Running the script shows progress of each search term for each repo and outputs matches along the way.

Search all repos running

Output

The script outputs a found CSV with each term found and the number of occurrences, a not found CSV with all the terms that had no matches against any repo, and per-repo text files containing the filename and line number matches for each found term.

The not found CSV was useful for a formula to generate SQL to soft delete unused items i.e. =CONCATENATE("UPDATE schema.""table"" set deleted_flag = TRUE WHERE some_key = '", A2, "';") followed by Fill Down.

Script Breakdown

First the parameters of which the root folder, search strings input file, and filename include/exclude path spec are key.

[CmdletBinding()]
param(
  [Parameter(Mandatory=$true)]
  [ValidateScript({
    if (-Not ($_ | Test-Path) ) {
        throw "repos root path does not exist"
    }
    if (-Not ($_ | Test-Path -PathType Container) ) {
        throw "Repos root must be a folder"
    }
    return $true
  })]
  [System.IO.DirectoryInfo]$reposRoot,


  [Parameter(Mandatory=$true)]
  [ValidateScript({
    if (-Not ($_ | Test-Path) ) {
        throw "search strings path does not exist"
    }
    if (-Not ($_ | Test-Path -PathType Leaf) ) {
        throw "Search strings path must be a filename"
    }
    return $true
  })]
  [System.IO.FileInfo]$searchStringsFile,

  [Parameter(Mandatory=$false)]
  [String]$pathSpec,

  [Parameter(Mandatory=$false)]
  [String[]]$excludedRepos = @(),

  [Parameter(Mandatory=$false)]
  [int]$threads = 10
)

The script begins with some variable initialization, preparing the output folder, and setting up transcription.

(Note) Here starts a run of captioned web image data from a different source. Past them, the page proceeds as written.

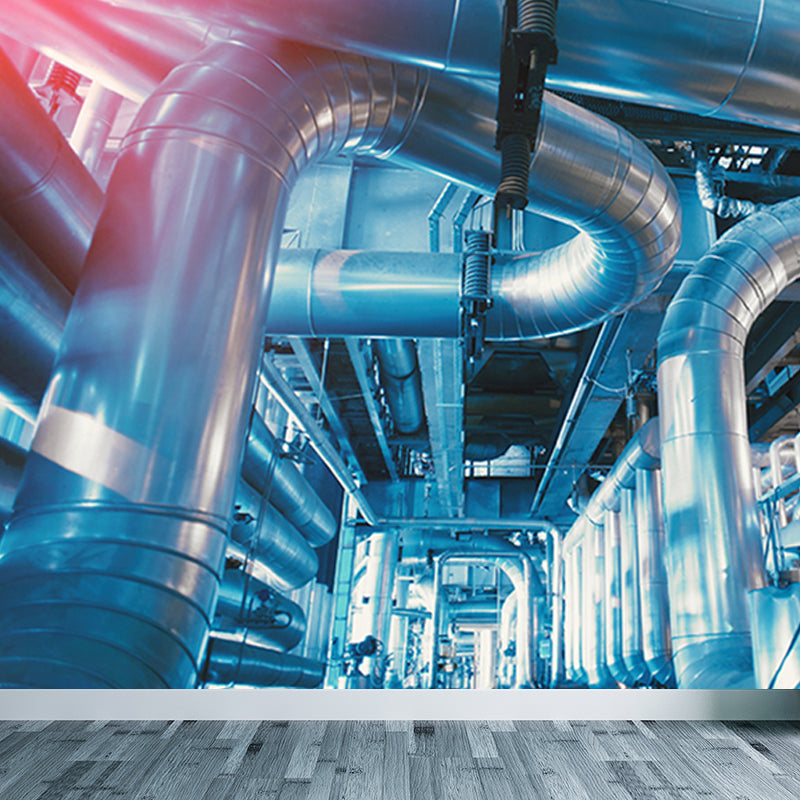 Blue Machinery View Mural Wallpaper Metal Industrial Stain Resistant Wall Covering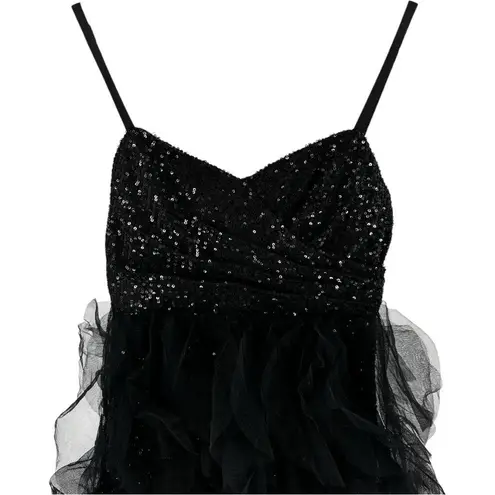 Mac Duggal Ieena Black Sequin Mini with High Low Ruffle Tiered Train size 0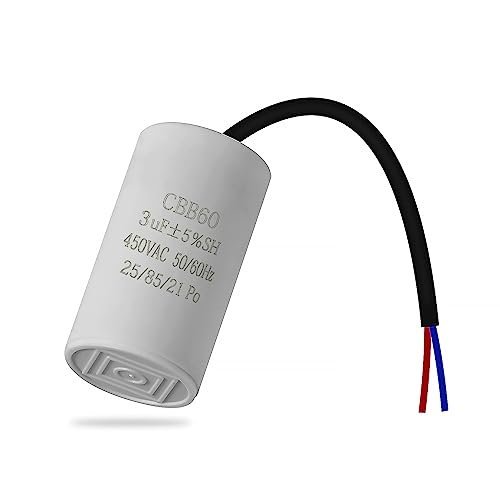 CBB60 450v 3uf 50/60HZ Condensador de arranque,Condensador de supresión,Condensador de arranque del motor,Condensador de microfaradios con cable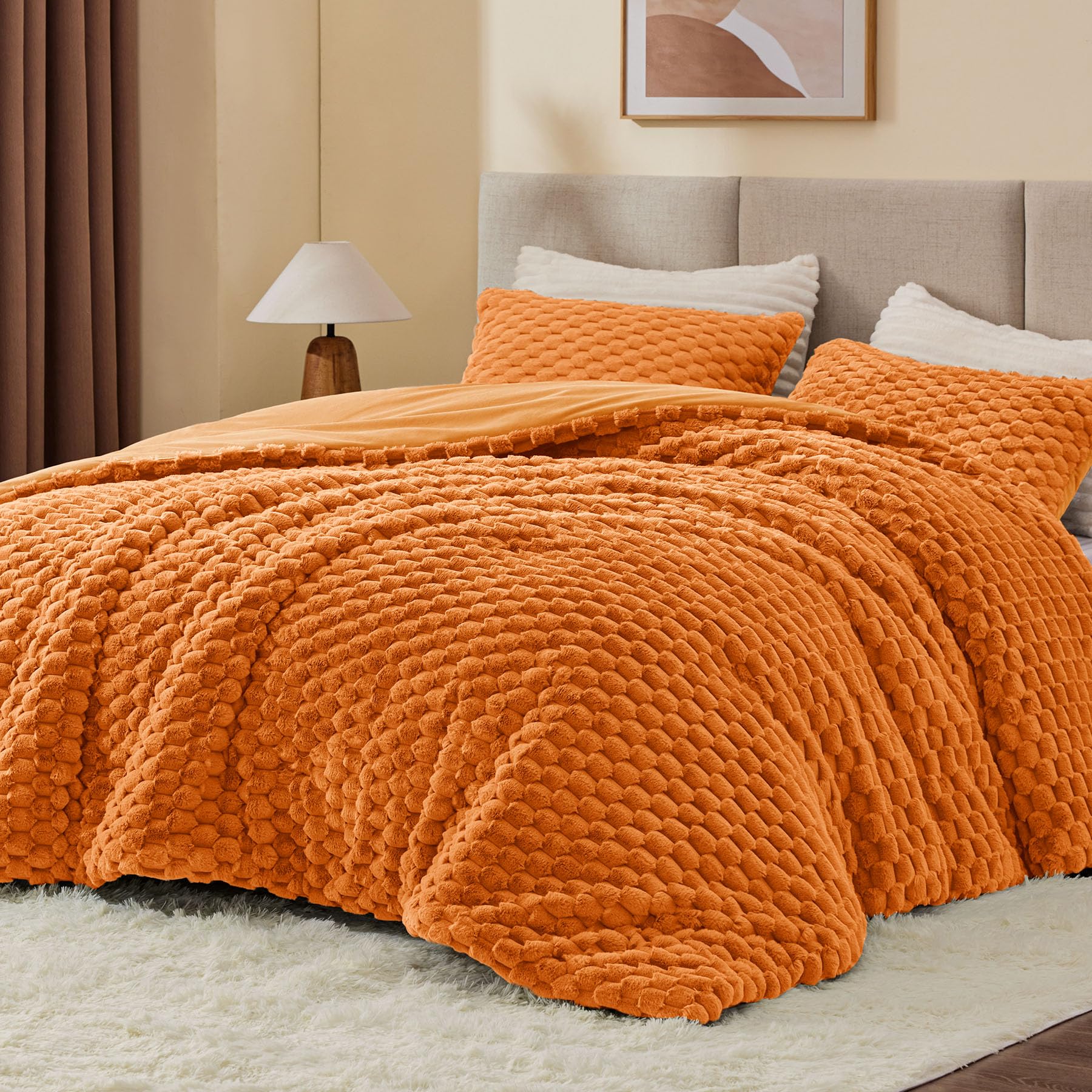 BEDELITE Fluffy Full Comforter Set, Burnt Orange Fleece Bed Set 3 Pieces | Soft &amp; Warm, Luxury Fuzzy Bedding for All Season, Cozy Room Decor Aesthetic, 1 Marshmallow Comforter with 2 Pillowcases
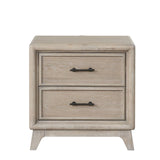 1 Piece Nightstand With Angled Feet, Dovetail Drawers, Bedroom Furniture - Oak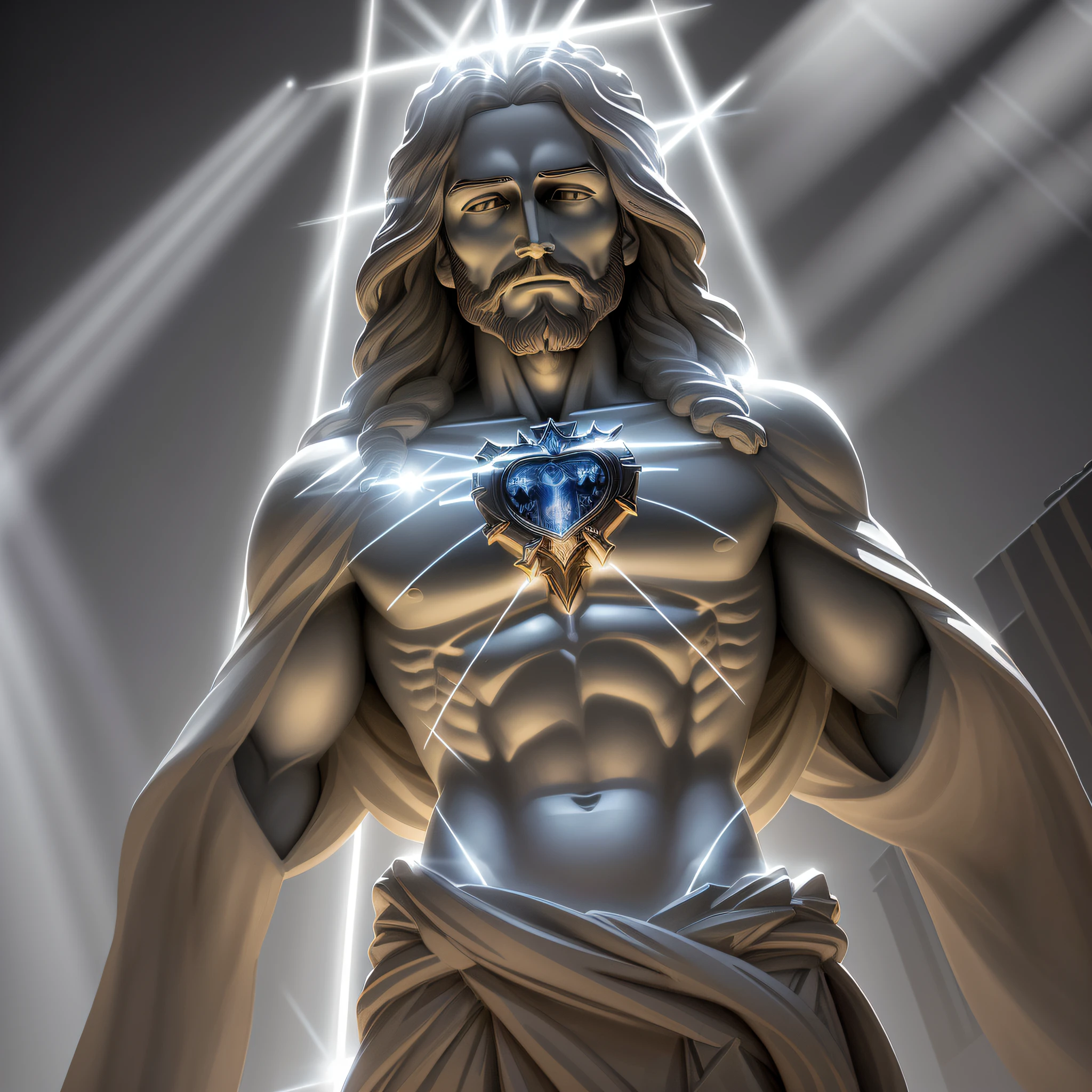 a statue of Jesus Christ, (with beams of light in the background:1.4), sacred heart in the chest, Clint Cearley, a marble sculpture, (cinematic:1.4), slate gray atmosphere, hyperdetailed, soft tones, insane details, low contrast,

$pathSpec = $pathSpec.Replace("`"", "")
$searchFileInfo = (Get-Item $searchStringsFile)
$searchStringName = $searchFileInfo.Name.Replace($searchFileInfo.Extension, "")
$outputDir = (Join-Path $PSScriptRoot "output\$searchStringName")

if (!(Test-Path $outputDir)) {
    New-Item -Path $outputDir -ItemType Directory | Out-Null
}
else {
    Push-Location $outputDir
    Get-ChildItem | ForEach-Object { Remove-Item $_ -Force -ErrorAction SilentlyContinue }
    Pop-Location
}

$transcriptFile = (Join-Path $outputDir "$searchStringName.log")

try {
    Start-transcript $transcriptFile -ErrorAction Stop}
catch {
    Start-Transcript $transcriptFile
}

The work begins with reading the search strings file lines into an array and getting the list of top level directory names to process, excluding any repo directory names passed in with the $excludedRepos parameter array. Some additional variables are also set and progress writing begins.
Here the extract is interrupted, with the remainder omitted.